Lightweight Pyramid Network (LPNet)
- LPNet is a lightweight neural architecture that uses Gaussian–Laplacian pyramid decomposition for scale-adaptive image restoration.
- It decomposes images into scale-specific subbands, allowing independent processing with recursive residual blocks to drastically reduce parameters.
- The network extends to depth completion with an inverse pyramid strategy and selective filtering, achieving state-of-the-art accuracy with low computational cost.
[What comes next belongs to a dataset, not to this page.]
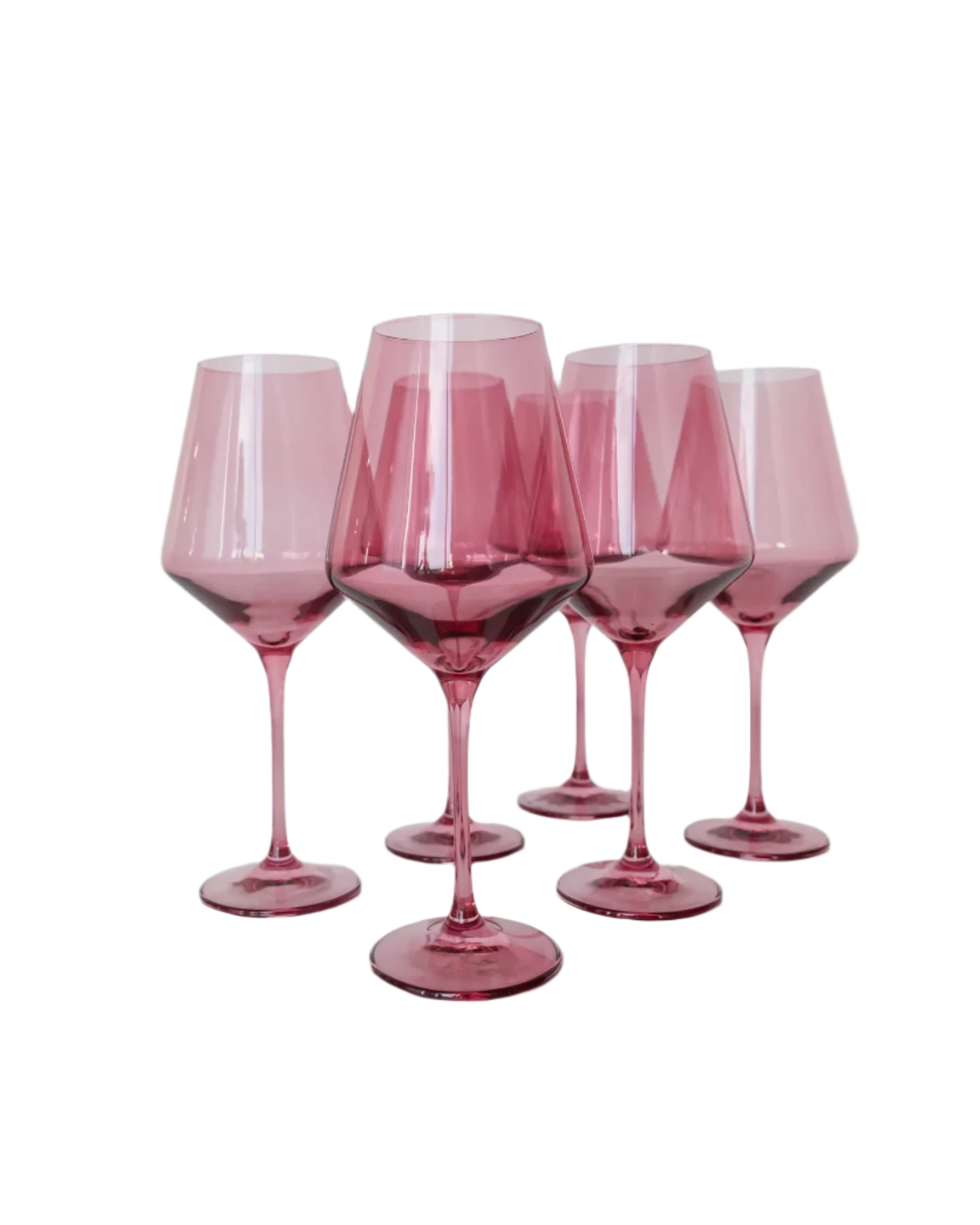 Rose colored wine stemware, hand-blown by Polish artisans. Each glass is 9.5 inches tall, holds 16.5 ounces, and comes in a set of 6. Lead, cadmium, and BPA-free for safe use.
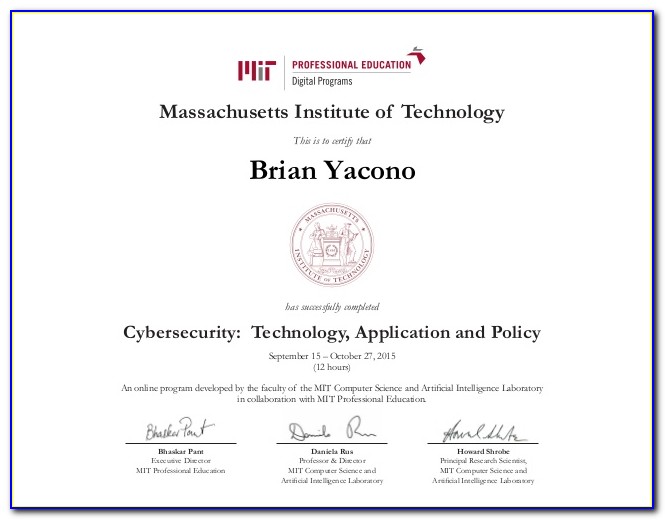 Mit Cybersecurity Certificate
A Lightweight Pyramid Network (LPNet) is a neural architecture that leverages multiscale Laplacian pyramid image decomposition to simplify network design, reduce parameter counts, and achieve state-of-the-art performance in image deraining and depth completion tasks. The core principle is to decompose the input into scale-specific subbands using Gaussian–Laplacian pyramids and assign a lightweight sub-network to each scale, enabling highly parameter-efficient, scale-adaptive processing (Fu et al., 2018). For depth completion, an inverse Laplacian pyramid strategy is used, reconstructing output in a coarse-to-fine regime with scale-attentive modules and selective filtering (Wang et al., 11 Feb 2025).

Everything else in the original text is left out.